Il patriottismo spinse una larga fetta di volontari ad abbracciare la causa fiumana e a raggiungere D’Annunzio. Patriota fu il legionario Pietro Scalfari, padre del celebre Eugenio, fondatore di Repubblica, scomparso oggi a 98 anni. Il nazionalista Pietro Scalfari, tenente degli Alpini impegnato per due anni nelle trincee del Carso e dell’Isonzo, partì da Ronchi insieme a D’Annunzio e rimase a Fiume oltre un anno. Scalfari arrivò sull’Isonzo mentre suo fratello Antonio, comandante di un plotone di fanteria e convinto dannunziano, cadde gravemente ferito durante un assalto alla baionetta sull’altopiano di Asiago. Tornato a casa con la spina dorsale spezzata, Antonio rimase sulla carrozzella dei grandi invalidi per sette anni, finendo i suoi giorni nel 1923, quando decise di estrarre dal cassetto la sua rivoltella di ufficiale che puntò alla tempia, liberandosi finalmente dalla dipendenza contratta verso la morfina, più utile della medaglia d’argento al valor militare per sopportare il dolore.

Pietro Scalfari, a Fiume, strinse una sincera amicizia con D’Annunzio, come ha raccontato il figlio Eugenio: Mio padre non fu solo un legionario di D’Annunzio, fu anche un suo amico. D’Annunzio gli scrisse molte lettere da Gardone e nel 1921 gli mandò un piccolo libro dove raccontava la gesta del Carnaro, vale a dire l’operazione militare su tre motoscafi, tre Mas, guidati da Costanzo Ciano, Luigi Rizzo e lo stesso D’Annunzio armati con tre siluri a mano. Risalirono il Carnaro penetrando nel porto di Pola, dove c’era, all’ancora, una vecchia corazzata austriaca. Quella che il poeta chiamava «la gesta», cioè l’impresa avventurosa, fu passare sotto le reti di protezione del molo, lanciare da pochi metri di distanza i siluri e tornare frettolosamente ai propri motoscafi subito dopo l’attacco, che riuscì perfettamente: affondarono la nave da guerra austriaca. Quel libretto dannunziano, che io ho conservato, ha la dedica: «Al tenente Pietro Scalfari che nella giornata di Zara cantò a squarciagola la canzone del Carnaro sull’aria della Giovinezza». Ed è firmata così: «L’Alpino Gabriele D’Annunzio». La canzone, che mio padre intonò forsennatamente e che io gli sentii qualche volta cantare, era stata composta dallo stesso D’Annunzio: «Siamo trenta d’una sorte / e trentuno con la morte. / Eia, l’ultima! / Alalà! / Siamo trenta su tre gusci, / su tre tavole di ponte: / secco fegato, cuor duro, / cuoia dure, dura fronte, / mani macchine armi pronte, / e la morte a paro a paro. / Eia, carne del Carnaro! Alalà!». E finiva così: «Tutti tornano o nessuno. / Se non torna uno dei trenta / torna quella del trentuno, / quella che non ci spaventa, / con in pugno la sementa / da gittar nel solco avaro. / Eia, fondo del Carnaro!».

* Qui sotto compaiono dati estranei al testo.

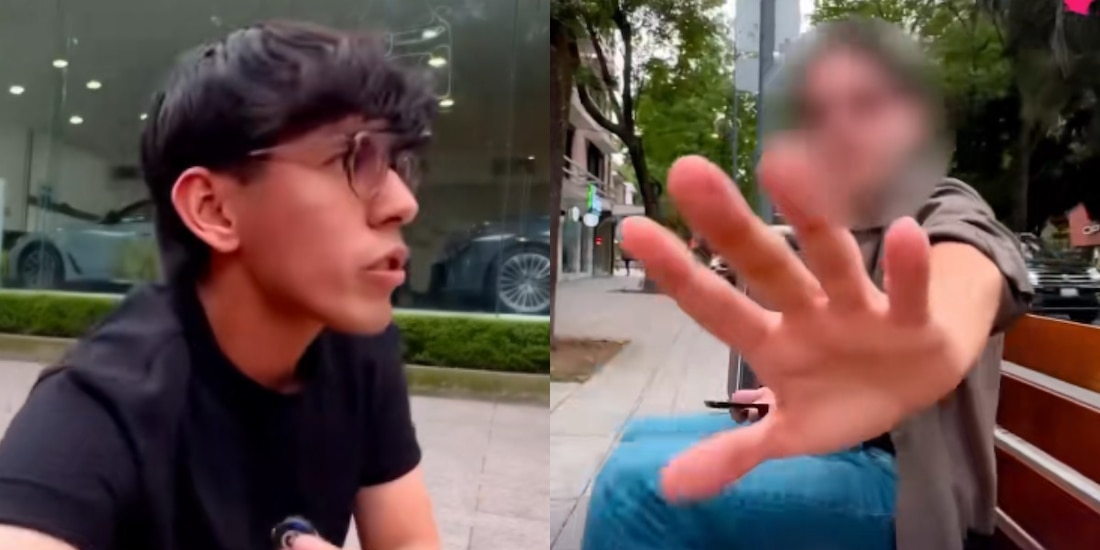 Influencer denuncia discriminación en CDMX: ‘Estamos en Polanco, habla inglés’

Pietro Scalfari non svelò mai al suo unico figlio cosa accadde a Fiume o nelle trincee. Il ricordo del fratello scomparso precocemente lo convinse ad archiviare tutta l’esperienza. Si limitò a intonare canzoni alpine per divertirlo e a declamare liriche disseminate da D’Annunzio nell’Alcyone e nel Poema paradisiaco, facendo scoprire a quel bambino di dieci anni la produzione del più grande poeta italiano vivente. L’ex tenente degli Alpini, al pari di molti altri legionari, avrebbe voluto che D’Annunzio capitanasse la marcia su Roma al posto di Mussolini e, radendosi la barba, instaurò un piccolo rituale, tendendo a sputare contro la propria immagine riflessa nello specchio, colpevolizzandosi per non essere riuscito ad evitare la scalata al potere del giornalista di Predappio, lasciando interdetto il piccolo Eugenio: Non capivo il senso di quel gesto e una volta glielo chiesi. «Sputo a me stesso», rispose. «Sputo perché quando quel mascalzone e farabutto di Mussolini informò D’Annunzio che avrebbe fatto la Marcia su Roma, toccava a noi legionari insorgere contro quella decisione: solo il vate avrebbe dovuto e potuto guidare quella marcia. E invece D’Annunzio non gli rispose e anche noi stemmo zitti».